Cueva de Cacao en Catamarca : el hallazgo que podría cambiar la historia del poblamiento de América
VanelogaEn el corazón de la puna, un descubrimiento que desafía todo

Foto: https://www.mundoimagenes.es La cueva Cacao y sus pinturas rupestres
Entre salares, piedras volcánicas y un cielo que parece no tener fin, la Cueva de Cacao se alza como una cápsula del tiempo en plena puna catamarqueña. A unos 20 kilómetros del pueblo de Antofagasta de la Sierra, esta cavidad natural guarda lo que podría ser la evidencia más antigua de presencia humana en Sudamérica.
Allí, a más de 3.500 metros de altura, un equipo multidisciplinario del CONICET, la UBA y arqueólogos franceses lleva más de una década desenterrando secretos del pasado. Pero las últimas excavaciones, intensificadas desde 2019, marcaron un antes y un después: los investigadores encontraron artefactos líticos tallados, huesos de animales prehistóricos y restos orgánicos que habrían permanecido intactos durante decenas de milenios.
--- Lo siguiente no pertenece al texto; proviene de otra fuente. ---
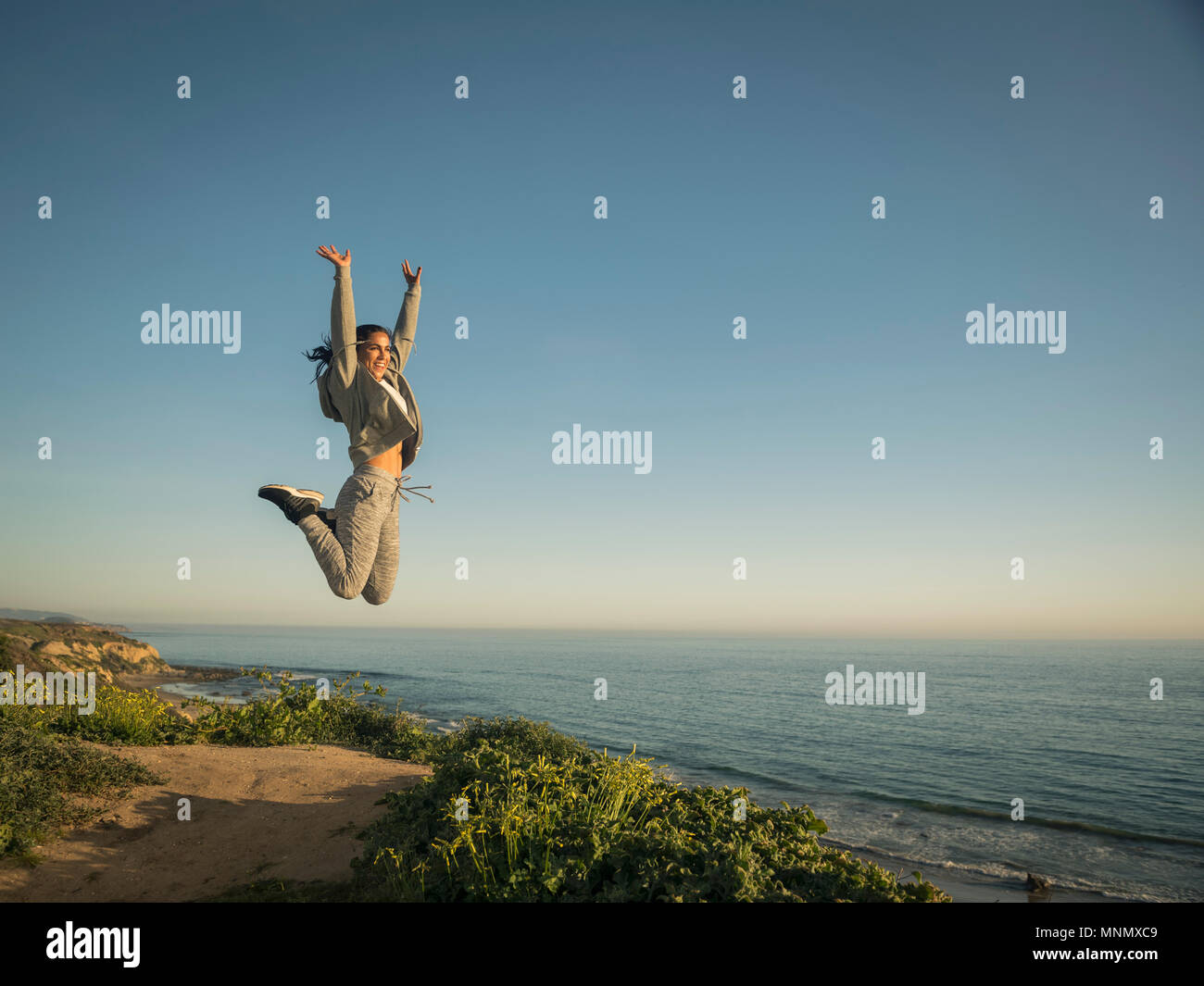 USA, Kalifornien, Newport Beach, Frau gegen den klaren Himmel springen Stockfoto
El sitio que reescribe la historia
Los análisis preliminares indican que algunos de esos materiales podrían tener entre 40.000 y 50.000 años de antigüedad. Si los estudios se confirman, la Cueva de Cacao se convertiría en el registro humano más antiguo del continente, mucho anterior a los 13.000 años que las teorías tradicionales asignan al poblamiento americano.
El arqueólogo francés Éric Boëda, quien participa en el proyecto, fue claro:
“La ciencia no puede decir que algo es imposible. Si encontramos nuevas evidencias, debemos investigar y replantear nuestras teorías”.
Entre los hallazgos se destacan costillas de megafauna asociadas directamente a herramientas talladas, una coincidencia que hasta ahora no había sido documentada en esta parte del mundo. Las piezas muestran una técnica de manufactura avanzada, similar a la empleada por grupos humanos del Pleistoceno en África y Asia.
Foto: https://www.mundoimagenes.es La cueva Cacao y sus pinturas rupestres
Un escenario de altura y supervivencia extrema
El valor del hallazgo va más allá de las fechas. El entorno mismo multiplica las preguntas: ¿cómo sobrevivieron seres humanos en un ambiente tan hostil hace 50.000 años?
La puna de Catamarca, con su aire seco, temperaturas extremas y escasez de recursos, es uno de los territorios más desafiantes del planeta. Cualquier grupo humano que haya habitado allí debió desarrollar adaptaciones fisiológicas y tecnológicas extraordinarias.
Vivir en altura implica dominar el fuego, fabricar herramientas precisas, obtener agua, procesar alimentos y protegerse de la radiación solar y del frío extremo. Todo eso, miles de años antes de lo que se creía posible, obligaría a repensar las capacidades y rutas de los primeros habitantes del continente.
Si se confirma, todo cambiará
De validarse las dataciones, este hallazgo revolucionaría la arqueología mundial. Las implicancias son profundas:
Rutas migratorias: podría haberse producido una llegada al continente mucho antes de la apertura del corredor de Beringia, tal vez por vías costeras u oceánicas hoy desconocidas.
Tecnologías de adaptación: los instrumentos hallados sugieren un dominio de la piedra y un conocimiento del entorno más sofisticado de lo imaginado para esa época.
Adaptación a ambientes extremos: el hallazgo demuestra que los humanos pudieron habitar zonas de gran altitud miles de años antes de los registros conocidos.
Convivencia con megafauna: las pruebas de interacción directa con animales extintos reabrirían el debate sobre el rol humano en las grandes extinciones del Pleistoceno.
En palabras del director provincial de Antropología, Cristian Melián, los resultados “podrían poner patas para arriba el mapa arqueológico de América”.
Ciencia, cautela y futuro
Por ahora, los estudios están en fase de verificación. Los fechados radiocarbónicos y ópticos deben ser publicados y revisados por pares antes de considerarse concluyentes. Aun así, el hallazgo ya despertó el interés del mundo académico y del gobierno de Catamarca, que anunció su intención de preservar el sitio y convertirlo en un espacio de investigación y turismo científico.
El gobernador Raúl Jalil señaló que se está evaluando la mejor forma de proteger la zona sin afectar su valor patrimonial: “Estamos ante un descubrimiento de alcance mundial, y nuestra prioridad es cuidar este legado para las futuras generaciones”.
Una puerta abierta al pasado
La Cueva de Cacao podría ser la evidencia de que la historia de la humanidad en América comenzó mucho antes, en lugares donde nadie lo imaginaba.
Entre rocas volcánicas, huesos antiguos y herramientas talladas, el silencio de la puna guarda todavía su mayor secreto. Y quizá, cuando las pruebas se confirmen, la ciencia tenga que volver a escribir su primer capítulo.